Let's consider how lookaheads of LR(1) reduce items are generated:
- The initial item will have
$
(end-of-input) as the lookahead
- An item is generated in one of these two ways:
- By a shift from a previous state. E.g. when in a state we have
[T1 -> ... | t1 ...]
, we generate a new state by "shifting" t1 with initial state [T1 -> ... t1 | ...]
.
- By an "expansion" of a non-terminal in the current state. E.g. we have
[T1 -> ... | T2 ...]
in the current state, for each production in T1, we add the production to the current state.
In LR(1), the lookahead terminal for a state generated with step (1) will have the same lookahead as the "parent" item. (code)
In step (2), the lookahead of the new item will be the "first" set of the parent item's continuation after the expanded non-terminal. Note that when computing this "first" set, we add the parent item's lookead to the end of the item's continuation. E.g. in [T1 -> ... | <rest>, x]
the "continuation" is <rest> x
. (code)
So for each item, we know its dependencies:
- If an item is in form
[T -> ... t | ...]
, then it's generated by step (1) from an item in the previous state.
- If an item is in form
[T -> | ...]
, then it's generated by step (2) from an item in the current state.
It's easy to add parent item to an item when generating it. (TODO: There should be cycles in some cases, find an example?)
With this dependency graph, when we want to know lookahead of a reduction item (i.e. when it's involved in a shift/reduce or reduce/reduce conflict), we go backwards and try to obtain its lookahead.
- If the current item is generated by step (1), we recurse to find the parent's lookahead
- If the current item is generated by step (2), then we find the parent's "first" set after the current item's non-terminal. When the first set contains empty string, we will recurse to the parent's parent to find its lookahead.
I think we might want to add lookaheads to items as we visit them during this recursive process, as the lookahead of an item may be needed to resolve multiple conflicts. (TODO: Find an example?)

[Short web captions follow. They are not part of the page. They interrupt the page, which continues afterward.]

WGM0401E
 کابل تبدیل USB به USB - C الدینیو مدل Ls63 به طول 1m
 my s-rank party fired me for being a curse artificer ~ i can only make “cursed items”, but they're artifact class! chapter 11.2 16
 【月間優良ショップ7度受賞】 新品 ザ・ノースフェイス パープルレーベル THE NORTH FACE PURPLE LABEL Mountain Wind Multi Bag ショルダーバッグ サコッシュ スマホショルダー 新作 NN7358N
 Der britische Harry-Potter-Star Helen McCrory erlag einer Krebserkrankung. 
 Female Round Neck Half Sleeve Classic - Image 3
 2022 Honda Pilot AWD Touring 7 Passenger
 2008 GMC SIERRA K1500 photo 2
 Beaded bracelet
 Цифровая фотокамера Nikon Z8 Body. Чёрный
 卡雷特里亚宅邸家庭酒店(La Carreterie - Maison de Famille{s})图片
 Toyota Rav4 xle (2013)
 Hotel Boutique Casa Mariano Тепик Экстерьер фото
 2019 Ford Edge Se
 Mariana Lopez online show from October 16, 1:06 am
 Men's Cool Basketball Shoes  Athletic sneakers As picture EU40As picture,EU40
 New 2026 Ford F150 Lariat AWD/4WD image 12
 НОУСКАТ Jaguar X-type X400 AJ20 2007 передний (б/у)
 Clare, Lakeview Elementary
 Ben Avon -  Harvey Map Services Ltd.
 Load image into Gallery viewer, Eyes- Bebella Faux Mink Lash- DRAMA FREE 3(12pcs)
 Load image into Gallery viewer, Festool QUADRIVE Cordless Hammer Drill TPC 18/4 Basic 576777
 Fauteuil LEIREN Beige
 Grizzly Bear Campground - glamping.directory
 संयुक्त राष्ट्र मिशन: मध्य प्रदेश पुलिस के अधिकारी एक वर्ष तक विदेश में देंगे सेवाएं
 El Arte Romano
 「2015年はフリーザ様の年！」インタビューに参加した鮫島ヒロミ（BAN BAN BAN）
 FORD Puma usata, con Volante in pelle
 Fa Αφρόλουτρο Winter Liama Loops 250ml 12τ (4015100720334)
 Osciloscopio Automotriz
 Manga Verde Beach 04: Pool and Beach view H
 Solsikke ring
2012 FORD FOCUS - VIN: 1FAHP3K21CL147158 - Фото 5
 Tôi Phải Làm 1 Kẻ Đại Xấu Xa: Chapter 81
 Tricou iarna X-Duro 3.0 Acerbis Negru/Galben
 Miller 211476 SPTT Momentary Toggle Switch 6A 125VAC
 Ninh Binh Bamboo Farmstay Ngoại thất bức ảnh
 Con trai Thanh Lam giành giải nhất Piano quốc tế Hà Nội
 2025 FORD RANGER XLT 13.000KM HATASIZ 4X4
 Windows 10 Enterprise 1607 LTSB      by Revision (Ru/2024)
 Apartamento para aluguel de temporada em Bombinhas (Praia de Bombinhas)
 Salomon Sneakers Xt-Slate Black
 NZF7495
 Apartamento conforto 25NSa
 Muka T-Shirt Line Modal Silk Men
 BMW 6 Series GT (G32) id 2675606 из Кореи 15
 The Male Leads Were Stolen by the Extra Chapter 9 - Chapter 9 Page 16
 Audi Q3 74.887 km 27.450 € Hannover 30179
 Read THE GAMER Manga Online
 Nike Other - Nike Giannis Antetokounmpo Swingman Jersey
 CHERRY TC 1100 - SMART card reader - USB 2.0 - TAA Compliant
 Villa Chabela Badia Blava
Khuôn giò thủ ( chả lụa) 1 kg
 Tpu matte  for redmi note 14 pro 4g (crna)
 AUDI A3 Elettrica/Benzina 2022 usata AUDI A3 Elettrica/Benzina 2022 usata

Note that this recursive process will return a set of lookaheads, not just a single lookahead. Also, because the dependency graph may have cycles, we need to keep track of visited items to avoid looping. The state at the beginning of this process should have {}
as the lookahead set. At the end of the process the set should be non-empty.
That's it. I think this is probably the same as the lane table method phase 1. Since the number of states will be the same as LR(0) sets of the grammar, this algorithm should give us LALR(1). Lane table method phase 2 is about splitting some of the states/items to recover LR(1).
One of the things that I don't understand about the lane table method is for LR(1) grammars it somehow generates less number of states than Knuth's LR(1) algorithm (which is probably the one we have in parsegen). That suggests that, starting with Knuth's algorithm, we may be able to reduce the number of states without losing power. I don't remember this mentioned before, I thought LR(1) is LR(1) -- the sets are minimal (and huge).